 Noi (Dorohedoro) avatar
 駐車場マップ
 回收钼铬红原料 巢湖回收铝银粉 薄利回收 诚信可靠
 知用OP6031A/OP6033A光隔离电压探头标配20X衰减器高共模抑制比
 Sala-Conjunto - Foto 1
---
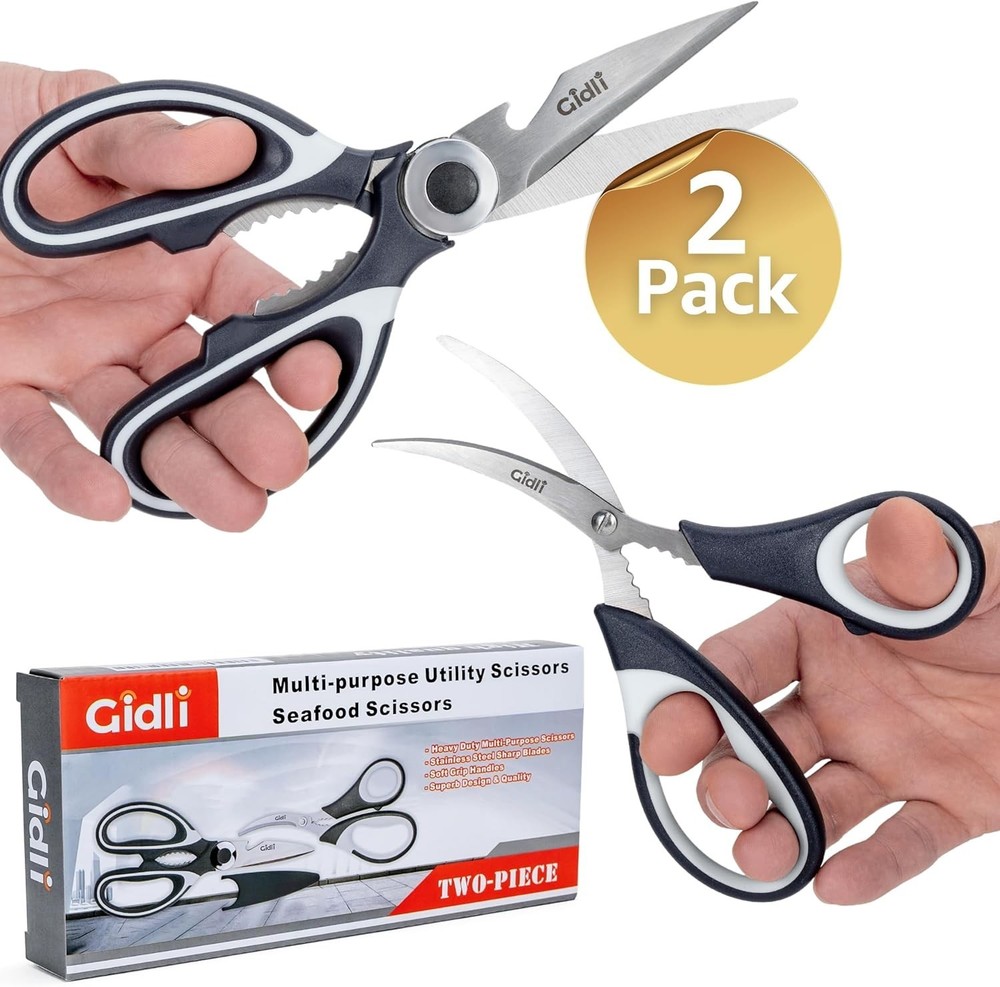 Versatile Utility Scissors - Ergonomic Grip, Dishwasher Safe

About this exercise: From the entries above, write out only the lines starting at the line that holds "Noi (Dorohedoro) avatar" and ending at the line that holds "Sala-Conjunto - Foto 1", keeping both and matching them exactly.

Result of this task:
 Noi (Dorohedoro) avatar
 駐車場マップ
 回收钼铬红原料 巢湖回收铝银粉 薄利回收 诚信可靠
 知用OP6031A/OP6033A光隔离电压探头标配20X衰减器高共模抑制比
 Sala-Conjunto - Foto 1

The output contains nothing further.